Rep. Dunnington frustrated with demise of ‘workplace equality’ measures

OKLAHOMA CITY, OK – House Bill 1345 will not be heard in committee this legislative session, further delaying “workplace equality” for Oklahoma’s Lesbian Gay Bisexual Transgender (LGBT) community, advocates said.

When a bill does not get a scheduled hearing in committee, it has no pathway for moving forward. 

The bill was intended to amend provisions regarding workplace and employment discrimination by adding sexual orientation and gender identity.

Rep. Jason Dunnington, D-Oklahoma City, author of the bill, expressed discontent that his bill not being heard in committee.

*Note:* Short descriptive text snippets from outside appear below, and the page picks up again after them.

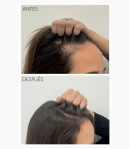 Sérum Rapunhair 70ml MONCHO MORENO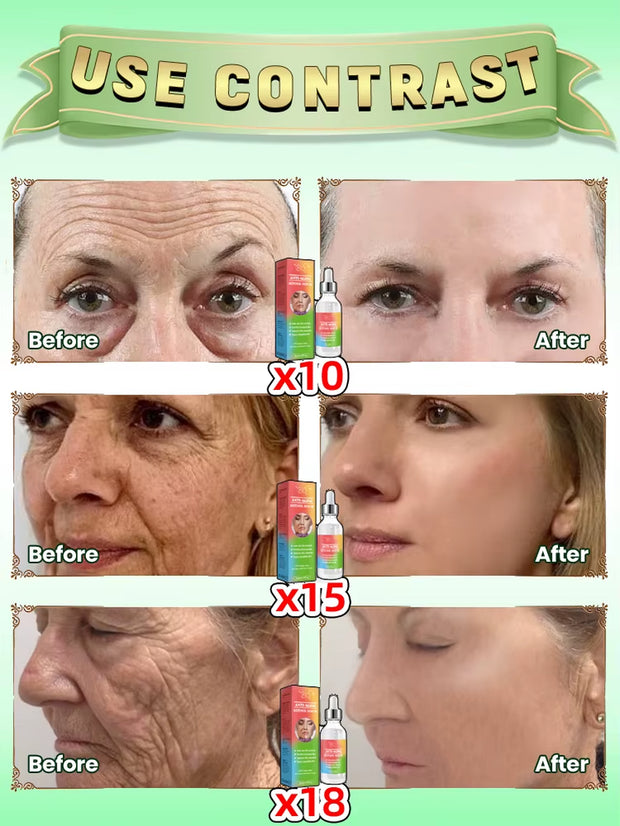 Retinol Serum for Reducing Fine Lines, Moisturizing, Wrinkle Removal, Facial Skin Care, Korean Skin Care 30G, Facial Care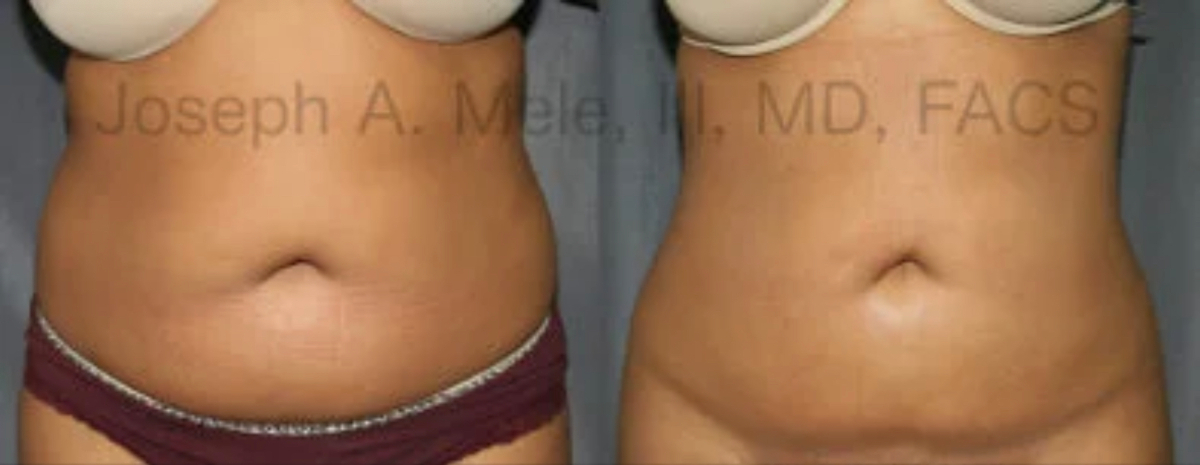 Liposuction of the abdomen and flanks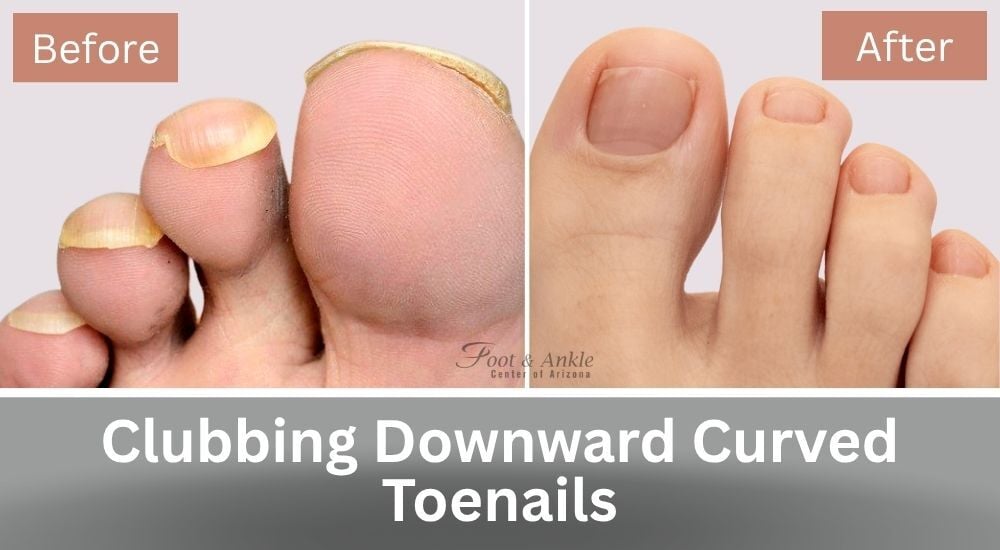Clubbing Downward Curved Toenails Before and After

“Many of my colleagues in the House would contend that America is built on the fundamental promise that if you work hard, and play by the rules, you can get ahead. But today, thousands of Oklahomans go to work fearing that they could lose their jobs simply because of who they are or who they love.”

The leader of a group organized to support LGBT interests expressed disappointment with the bill not being heard in committee.

“The LGBT community has found a strong ally in Jason Dunnington. Freedom Oklahoma would like to thank the Representative for proposing the most comprehensive protections against discrimination in the history of Oklahoma. While it is extremely unfortunate that H.B.1345 will not be heard in this session, we look forward to working with Rep. Dunnington — and other fair-minded lawmakers — to ensure that one day soon, freedom will truly mean freedom for everyone in our great state,” said Troy Stevenson, Executive Director of Freedom Oklahoma.

Although the bill will not be heard in this legislative session, Rep. Dunnington is hopeful it will be heard again in the next legislative session.

“While H.B. 1345 did not move forward this year, I am committed to running it again, as I believe that all Oklahomans regardless of race, sex, religion, sexual orientation, or gender identity should possess basic employment protections.”

Rep. Jason Dunnington was elected in 2014 to his first term in the House, representing District 88 in central Oklahoma City.